Nach dem 10. Juni 1944 beteiligte sich Robert Hébras aktiv am Widerstand gegen den Nationalsozialismus und kämpfte im letzten Kriegsjahr auf Seiten der französischen Résistance. Im Jahr 1983 nahm er in der damaligen DDR als Zeuge am Gerichtsprozess gegen einen der Mörder von Oradour – Heinz Barth – teil. 2003 wurde ein Dokumentarfilm mit dem Titel "Begegnung mit Robert Hébras - Auf den Spuren ausgelöschten Lebens" vom deutschen Filmemacher Bodo Kaiser veröffentlicht.

Besonders verdient um die Erinnerung, das Gedenken und die Aufarbeitung der Zeit des Nationalsozialismus macht sich Robert Hébras durch sein Engagement als Zeitzeuge und Buchautor. Zeit seines Lebens hat sich der frühere Widerstandskämpfer für die Versöhnung zwischen Deutschland und Frankreich eingesetzt. Trotz seines hohen Alters unternimmt Robert Hébras noch heute Führungen durch die Ruinen des Märtyrerdorfes. Er steht jungen Menschen – insbesondere Schülern, Studenten, Freiwilligen und Gedenkdienern – für Interviews und Videoprojekte zur Verfügung und arbeitet noch heute aktiv im Centre de la mémoire mit.

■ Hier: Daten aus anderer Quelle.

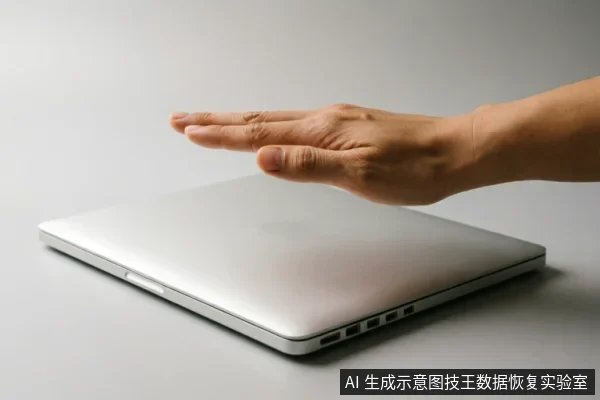 一只手掌悬停在闭合的银色笔记本电脑上方,做出停止或按压的手势。画面背景简洁,无屏幕文字,直观传达在设备故障时立即断电、停止操作以保护数据的紧急干预原则。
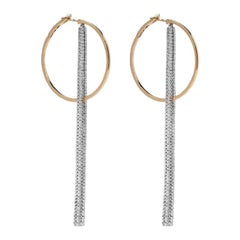 18 Karat Gold Diamond Icicle Hoop with Tassel Earrings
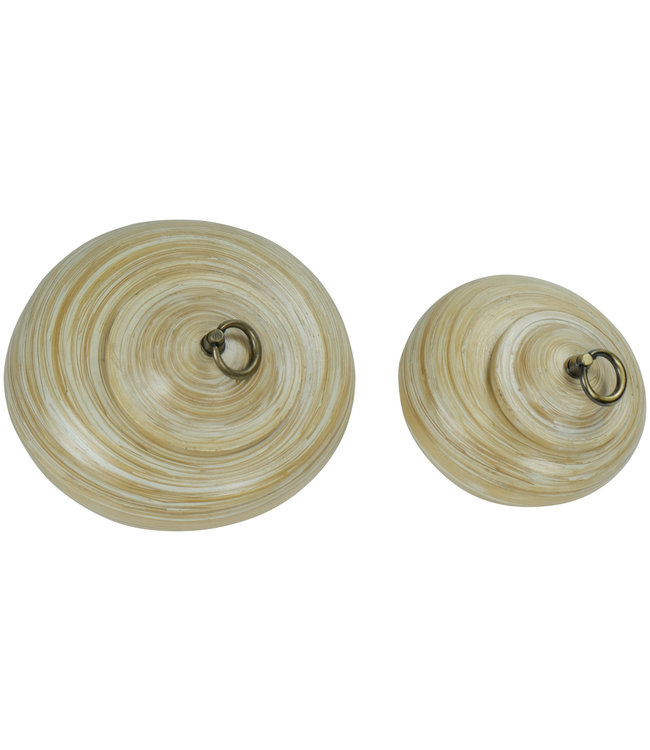 Thaise Pot Met Deksel Bamboe 8 inch Handgemaakt in Thailand Wit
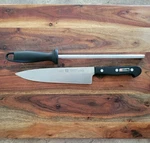 Zwilling J.a. Henckels 8" Friodur Chef's Knife & Honing Sharpening Steel Rod Lot. Fixed Price $34.99.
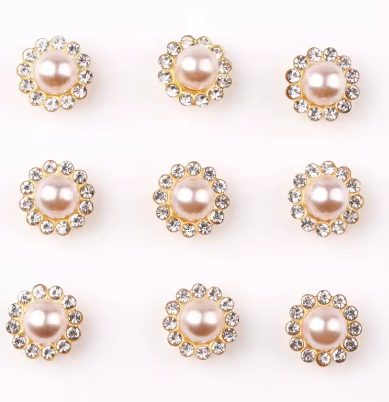 12mm Pearl Flower, Gold Base, Sew On, Rhinestone - See Color Options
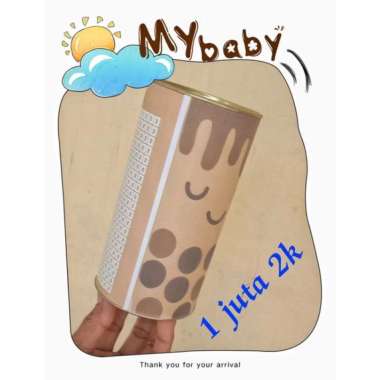 Storage CELENGAN TARGET BOBA SERIES 5JUTA 5K PERMANEN MOTIF BOBA UKURAN 17 * 8,5 CM Celengan Target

Zusätzlich bekleidete der gelernte Mechaniker über lange Jahre das Amt des Vorsitzenden der Nationalen Vereinigung der Märtyrerfamilien und fungiert bis heute als Präsident der Versammlung ehemaliger Kriegsteilnehmer von Oradour.

Robert Hébras ist verheiratet, hat einen Sohn und drei Enkelkinder und lebt in Saint-Junien nahe Oradour. Neben Jean-Marcel Darthout ist er der einzige heute noch lebende Mensch, der dem Massaker von Oradour entkommen konnte.

Im März 2008 wird Robert Hébras vom Österreichischen Gedenkdienst mit dem Austrian Holocaust Memorial Award ausgezeichnet.